Ecco allora la corsa all’Ovest, San Francisco, dove tutto sembra possibile, dove si pubblicano libri e poesie, dove nasce una musica mai sentita, dove circolano droghe, dove tutti sono accettati, dove la psichedelia è imperante e dove Janis non ha problemi di approvazione. E lì comincia a cantare in un gruppo che si chiama Big Brother and the Holding Company. Sconvolge regole e equilibri, prima i leader erano il bassista e il cantante, in breve lei diventa l’attrazione, il genio imprevedibile. Ma la sua storia musicale è nota, i trionfi prepotenti di Monterey, l’imbarazzo di Woodstock, i successi dei concerti di Los Angeles e di Londra, le sessioni di registrazione di capolavori rimasti nell’olimpo musicale, nel cuore e nelle orecchie di tutti quelli che hanno avuto modo di ascoltarla. Basti ripensare alla sua rilettura di Summertime a Me & Bobby McGee, che l’autore attore Kris Kristofferson sentirà solo dopo la morte di Janis, alla magia che riusciva a infondere al microfono perché raggiungesse tutti, perché tutti potessero essere in sintonia emotiva con lei.

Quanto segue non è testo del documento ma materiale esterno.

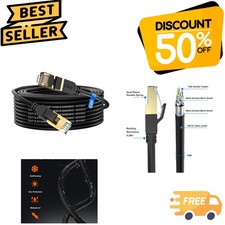 Heavy Duty 40FT Cat 8 Ethernet Cable - Gold Plated RJ45 for Ultra-Fast Internet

Qui però emerge dell’altro, la sorella e il fratello Michael hanno messo a disposizione i materiali di famiglia, lettere ai genitori, diari, considerazioni (e la voce che legge nella versione italiana è quella di Gianna Nannini). Così il quadro assume contorni molto più definiti, emerge la donna Janis, dal talento sublime, dall’intelligenza straordinaria e soprattutto dotata di una sensibilità debordante e insostenibile, che la rende fragile, bisognosa di affetto e amore quasi a livello patologico. E a questo proposito il consiglio è quello di rimanere a vedere il film sino ai titoli di coda perché lì ci sarà John Lennon a dire qualcosa di importante e definitivo su fama, successo, sensibilità e fragilità. Janis è stata la prima rockstar donna, il suo è stato un lampo in termini di tempo (solo quattro LP), ma capace di segnare in modo indelebile la storia della musica. Janis non solo un film è un monumento alla vitalità irrefrenabile di Janis Joplin, al suo smisurato talento e un inno a quella risata singolare che parte da profondità abissali per uscire prepotente e contagiosa come un blues.

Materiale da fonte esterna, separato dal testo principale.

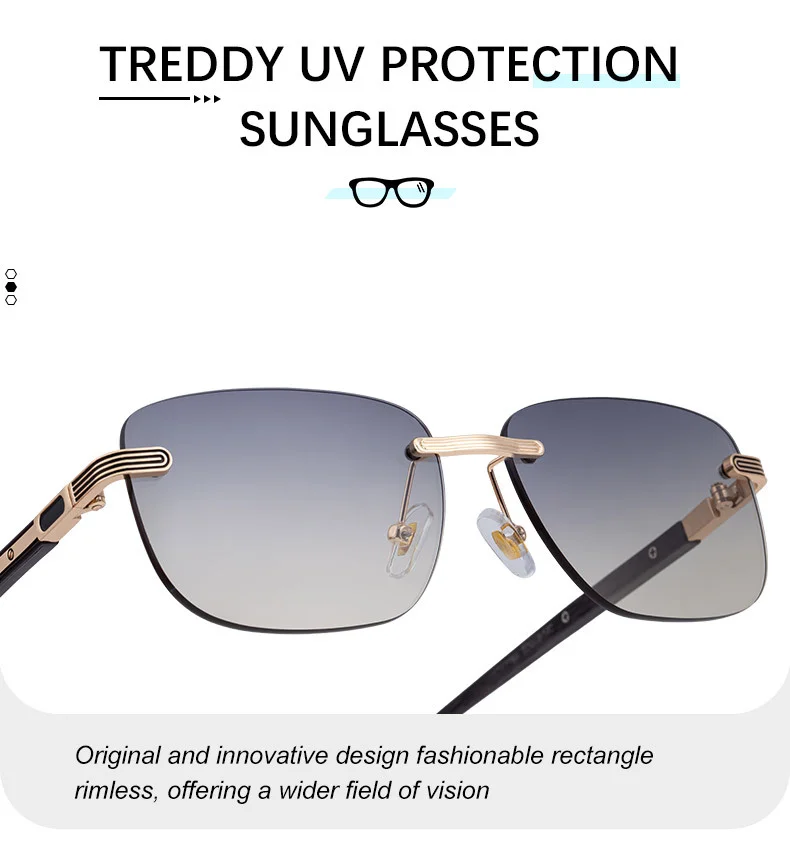 Black PC Men's Premium Photochromic Rimless Sunglasses - Luxury Driving UV400 Eyewear - Details 13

Amy Berg offre moltissime testimonianze di musicisti, amanti, produttori, giornalisti ma alla fine è sempre lei Janis, la ragazza del ’43 che esce e prende la scena, compresa quella piccola rivincita legata al ritorno a Port Arthur in occasione del decennale della maturità: gli altri zavorrati dal conformismo, lei invece a volare alto. Amy Berg non tace nulla, compresa la pesante dipendenza dall’eroina e la voglia di uscirne. Non tanto per dire, ce l’aveva quasi fatta, da mesi non si faceva (lo ha confermato l’autopsia), poi quel maledetto 4 ottobre 1970, quando dopo il concerto tutti se ne sono andati e lei va in albergo, sola. Spera di rimettersi insieme a David, il ragazzo che l’aveva incontrata in Brasile quando cercava di disintossicarsi da alcol e eroina, e l’aveva amata, all’inizio senza neppure sapere chi fosse, poi però quando lei aveva ricominciato lui se n’era andato in giro per il mondo. Lei gli ha scritto, speranzosa, ma quella sera è sola, triste e disperata. E ci ricasca. Il telegramma con la disponibile risposta di David rimane lì, alla reception dell’albergo. Lei non lo vide mai.